Your answer must restate each entry below word for word, with no pictures in it.

+ + + +

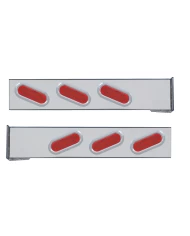 (2/BULK) CR. 2 PCS. REAR LT BAR W/ 6 SLANTED 12 LED OVAL RED LENS REFLECTOR LT W/ BEZEL - 4 HOLE FLANGE MOUNT (2/BULK) CR. 2 PCS. REAR LT BAR W/ 6 SLANTED 12 LED OVAL RED LENS REFLECTOR LT W/ BEZEL - 4 HOLE FLANGE MOUNT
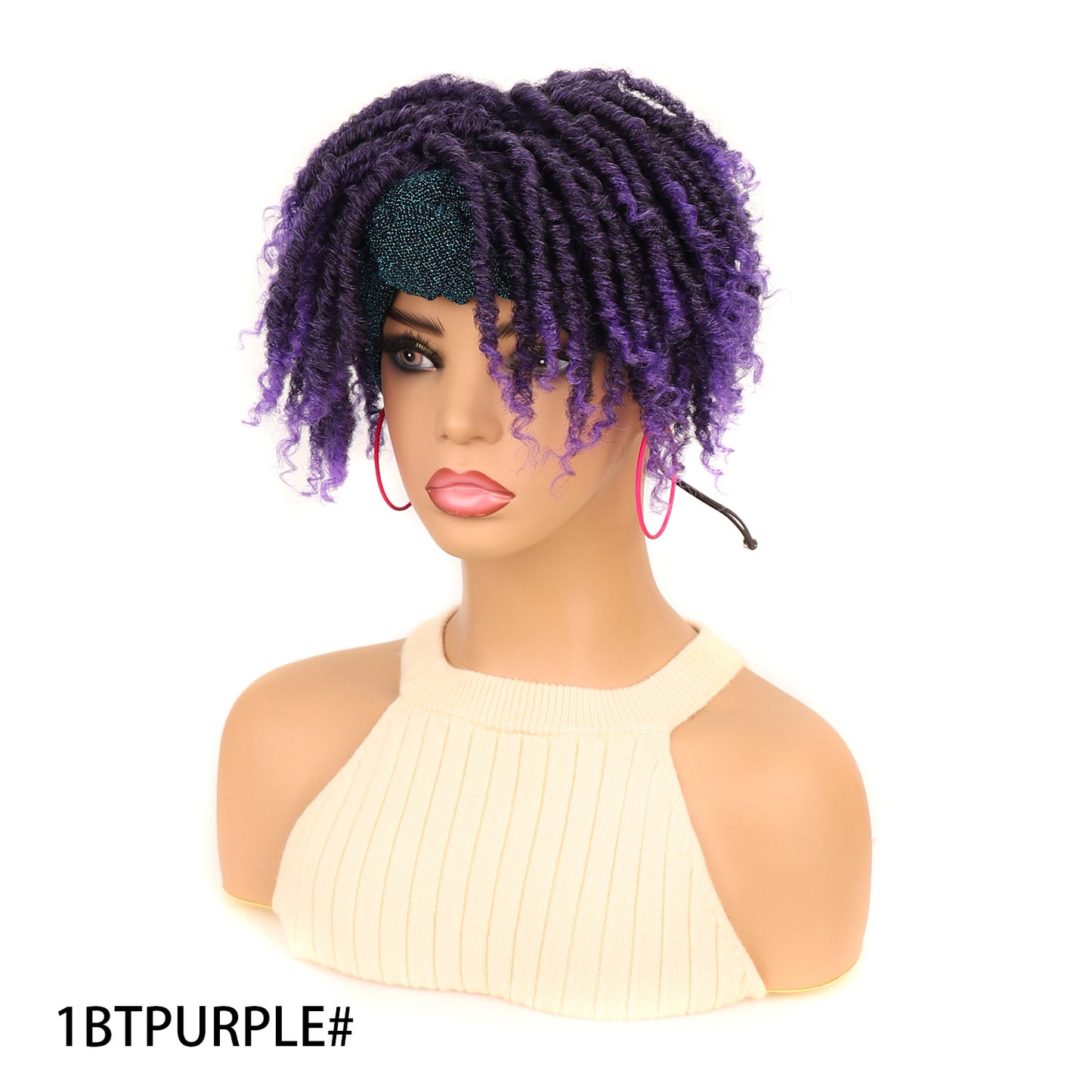 Head Cover Black Blue Turban Dreadlocks Wig Short Curly Hair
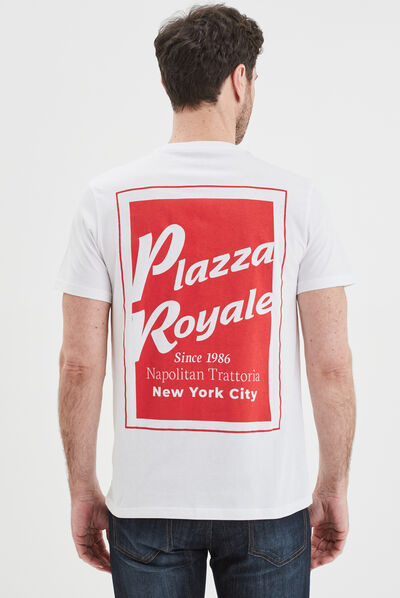 T-shirt droit manches courtes coton blanc homme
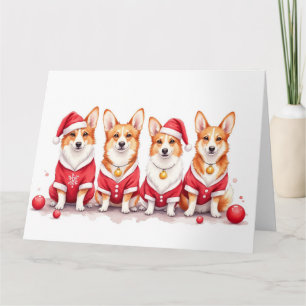 Tarjeta Pembroke Welsh Corgi vestido de Navidad con sombre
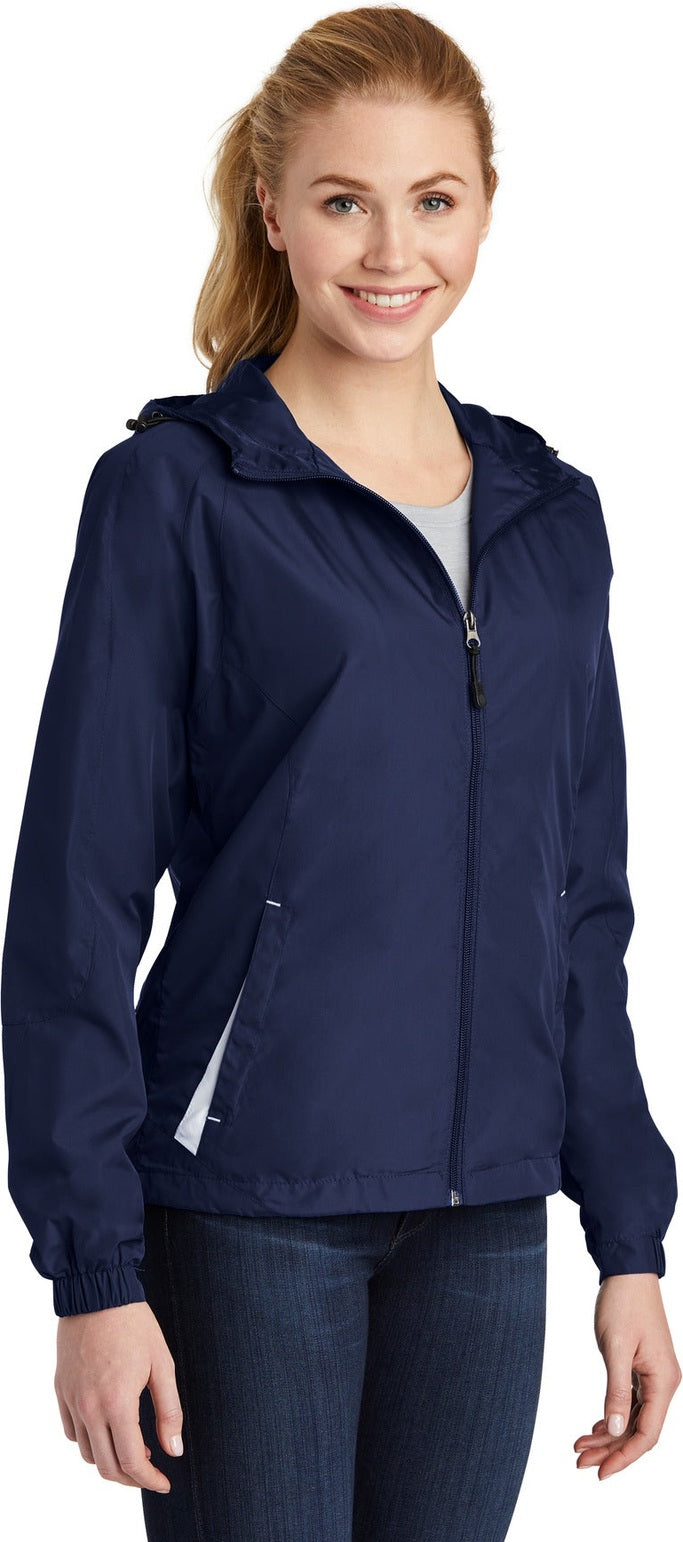 True Navy/Wht Sport-Tek Women's Colorblock Hooded Raglan Jacket. LST76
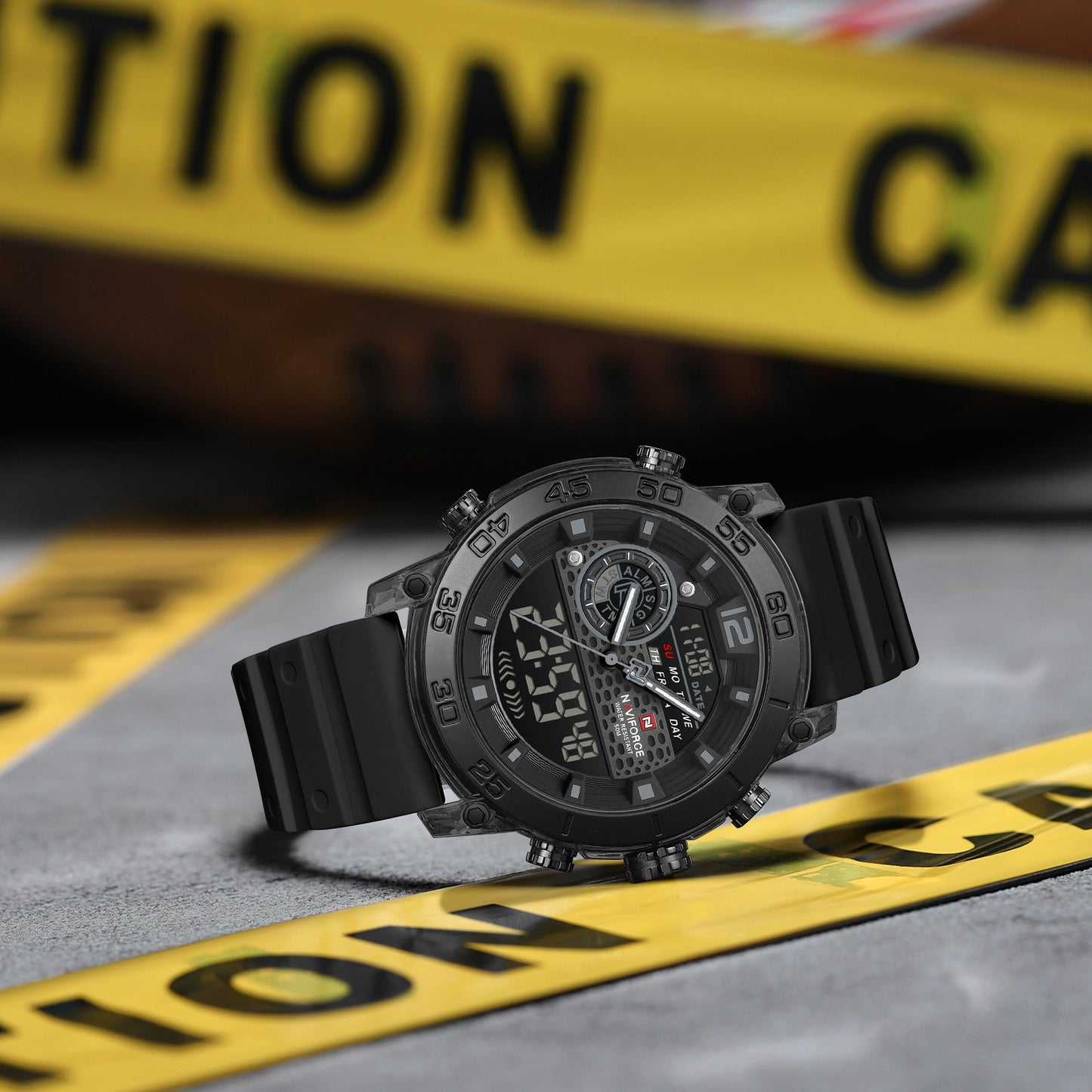 Naviforce 6104 Unisex Silicone Watch - Black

+ + + +

Response area:
 (2/BULK) CR. 2 PCS. REAR LT BAR W/ 6 SLANTED 12 LED OVAL RED LENS REFLECTOR LT W/ BEZEL - 4 HOLE FLANGE MOUNT (2/BULK) CR. 2 PCS. REAR LT BAR W/ 6 SLANTED 12 LED OVAL RED LENS REFLECTOR LT W/ BEZEL - 4 HOLE FLANGE MOUNT
 Head Cover Black Blue Turban Dreadlocks Wig Short Curly Hair
 T-shirt droit manches courtes coton blanc homme
 Tarjeta Pembroke Welsh Corgi vestido de Navidad con sombre
 True Navy/Wht Sport-Tek Women's Colorblock Hooded Raglan Jacket. LST76
 Naviforce 6104 Unisex Silicone Watch - Black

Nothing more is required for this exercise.